Como Bukowski, siento también la desolación de no haber conocido nunca a hombres así, en carne y hueso, y tener que conformarme con mantener con ellos difíciles conversaciones a través del tiempo. Quizás se trate del típico verso manriqueño del "cualquier pasado fue mejor" y haya ya conocido a algunos de ellos. La muerte, claro está, galvaniza los cadáveres cubriéndolos de metales preciosos. Si no me equivoco, y aquellos hombres fueron tan sensibles como traslucen sus obras, en su vida cotidiana no debieron de ser tan diferentes (salvando las distancias) a algunos de nosotros. Pero es inevitable esta idealización. El mismo Bukowski idealizaba a sus dioses, como John Fante, al tiempo que repudiaba la veneración que existía hacia él. Y es que algo tienen todos en común.
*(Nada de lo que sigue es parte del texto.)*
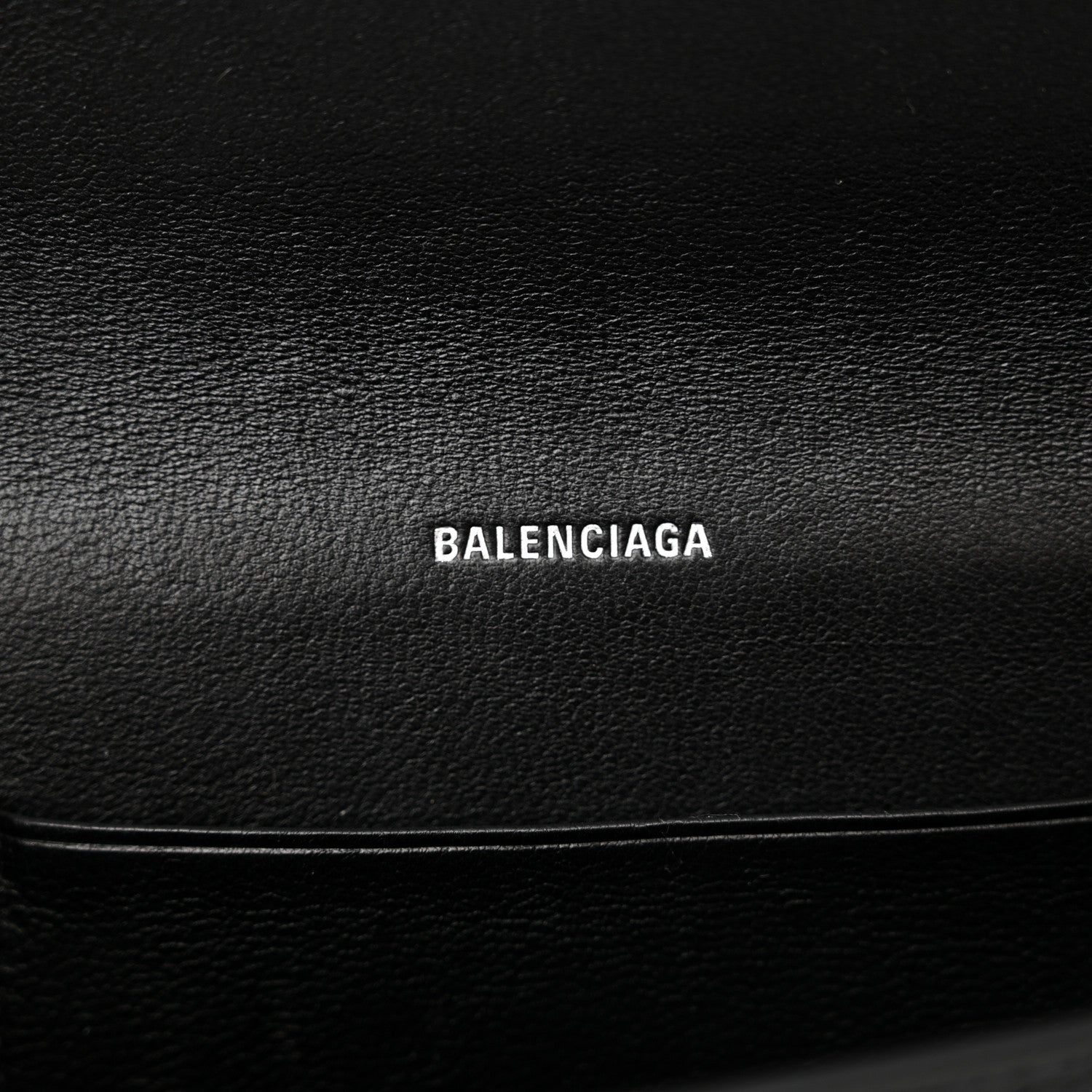 Balenciaga Grained Calfskin Logo Cash Phone Holder Wallet On Chain Black White 6 of 11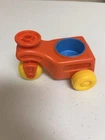 Vintage  1984 Fisher Price Tractor Tricycle Jumbo Little People Orange Car W8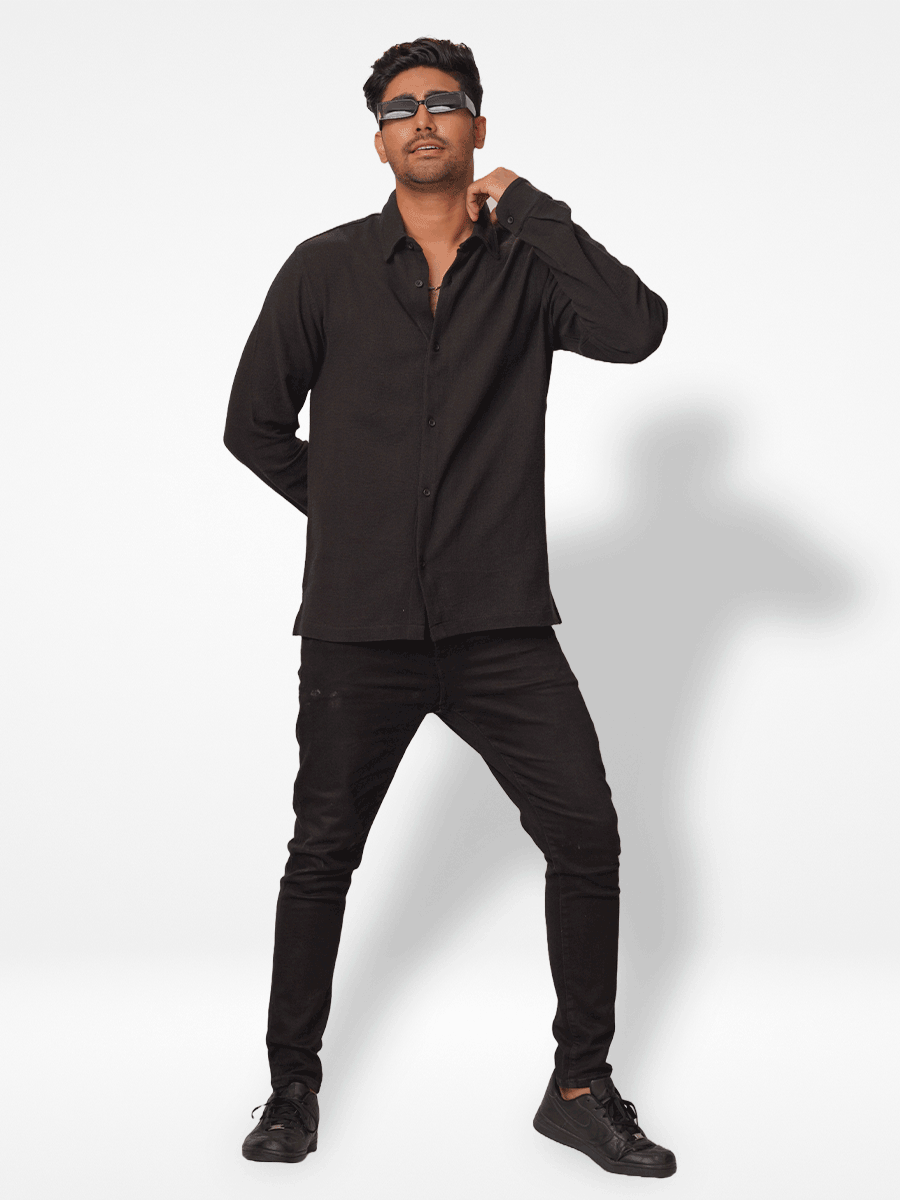 Men's Relaxed-Fit Full-Sleeve Casual Shirt Black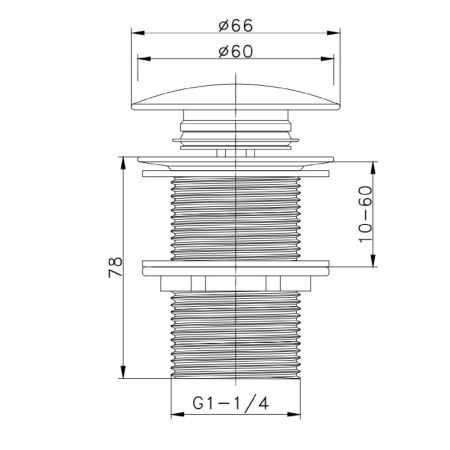 Донный клапан для раковины Raglo R600.02.06, черный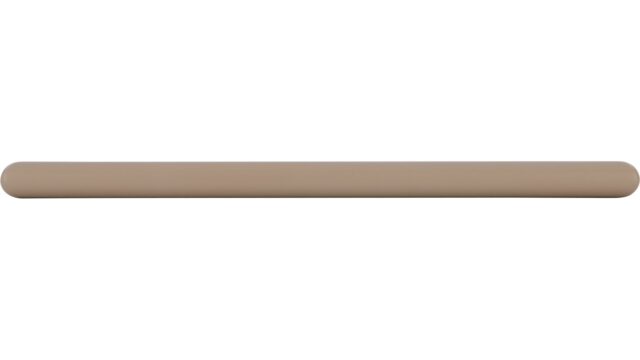 Griff Schlitz Druckguss Beigebraun - 136 mm lang  vor weißem Hintergrund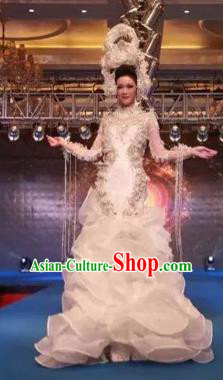 Handmade Europe Court Modern Fancywork Stage Show White Full Dress Halloween Cosplay Queen Fancy Ball Costume for Women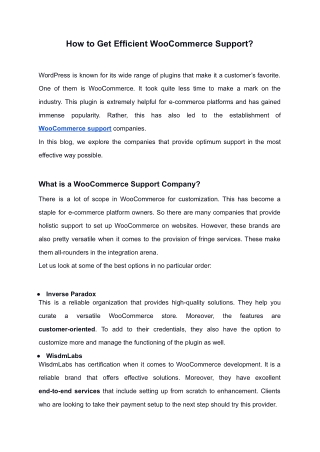 How to Get Efficient WooCommerce Support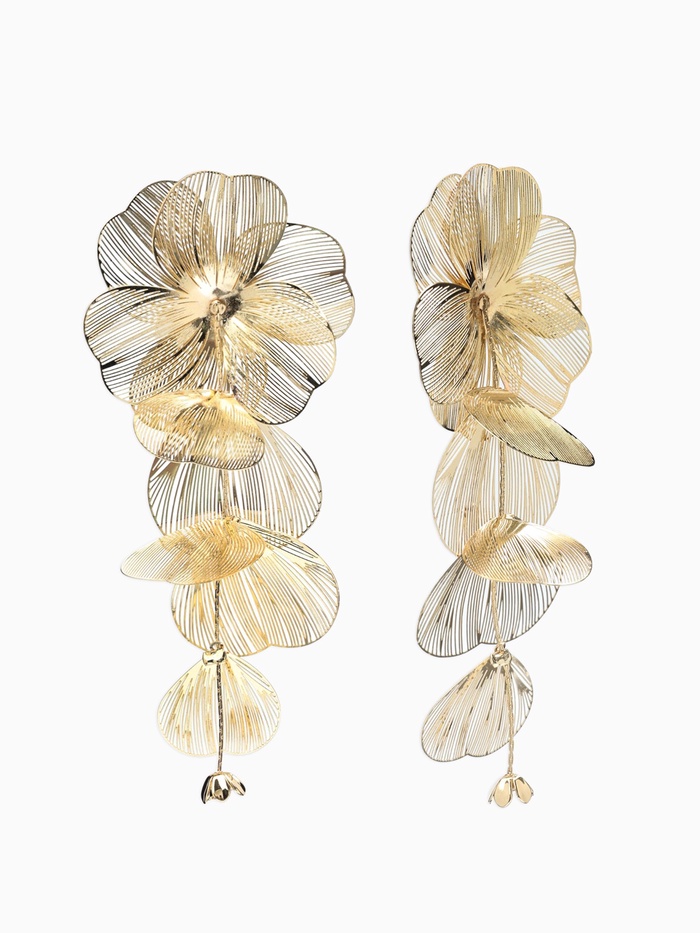 Серьги висячие «Цветок», каталея, цвет золото, 10 см - Фото 1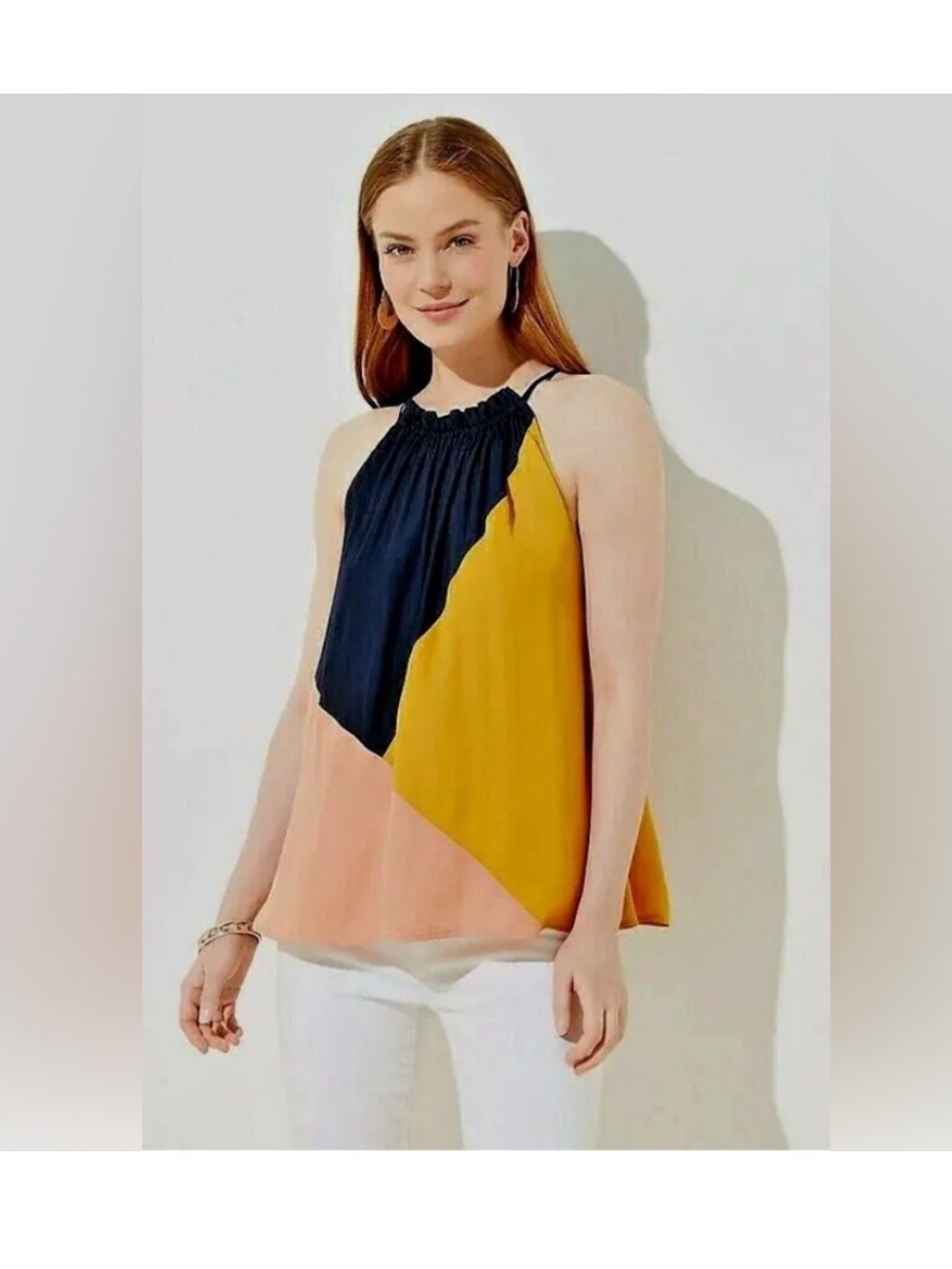 NEW Loft | Satin Colorblock Swing Cami Tank Top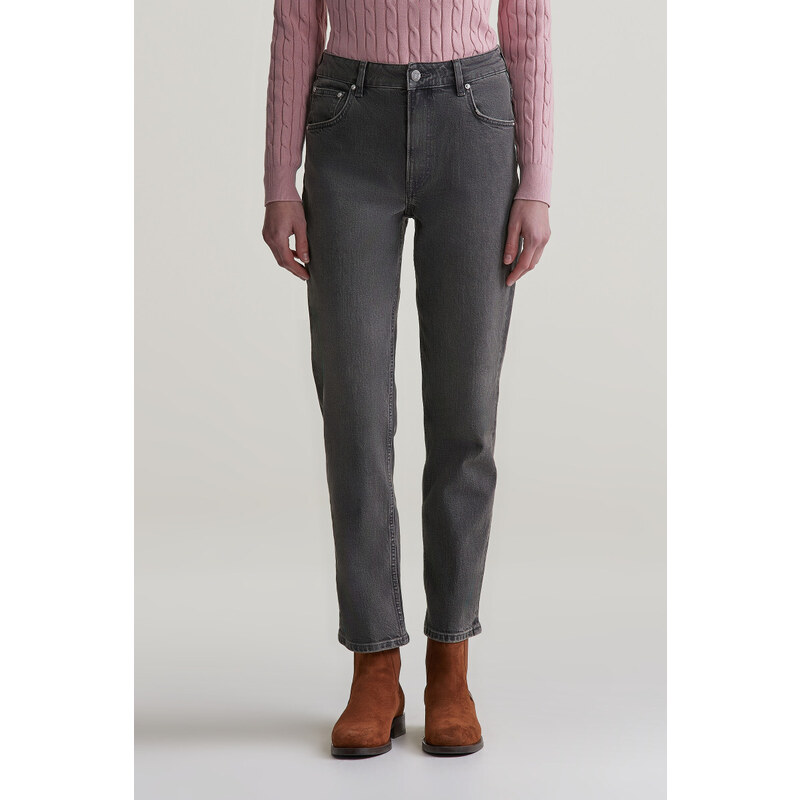 DŽÍNSY GANT STRAIGHT CROPPED JEANS BLACK VINTAGE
Desde músicos como Bob Dilan o Jim Morrison a escritores como Henry Miller o William Burroughs que profesaban admiración por Rimbaud y Nietzche, y Nietzche a su vez por Stendhal, Shopenhauer y Dostoievski, y Dostioievski por Pushkin y Cervantes y así unos y otros, grandes hombres, soñaban con aquellos otros a los que les hubiese gustado haber tenido cerca alguna vez. Tal vez sea mejor así, no haberse conocido nunca y hacerlo en otro nivel donde nadie pueda hacerse daño. Todos sabemos, por ejemplo, que a partir de la segunda copa nadie quería tener cerca a Morrison, así como le ocurriese al fantástico Alan Poe, del cual se alababa su brillante alocución cuando tomaba una cerveza e inversamente se la detestaba cuando a la segunda se transformaba en un monstruo patético. Hay algunas excepciones, como en la película "Coping Beethoven", cuando a su anciana vecina se le pregunta si no le es molesto el ruido que hace su vecino a todas horas. La ancianita respondía tajantemente: "Qué dice usted, soy vecina de Ludwing Van". Sean lo que sean, son eternos, y la prueba es que siguen ahí dispuestos a deleitarnos con su mágica conversación, tan agradable, tan diferente a la que día a día estamos obligados a sufrir.

Es por ello que, para algunos, vivir en la Morgue es vivir entre amigos.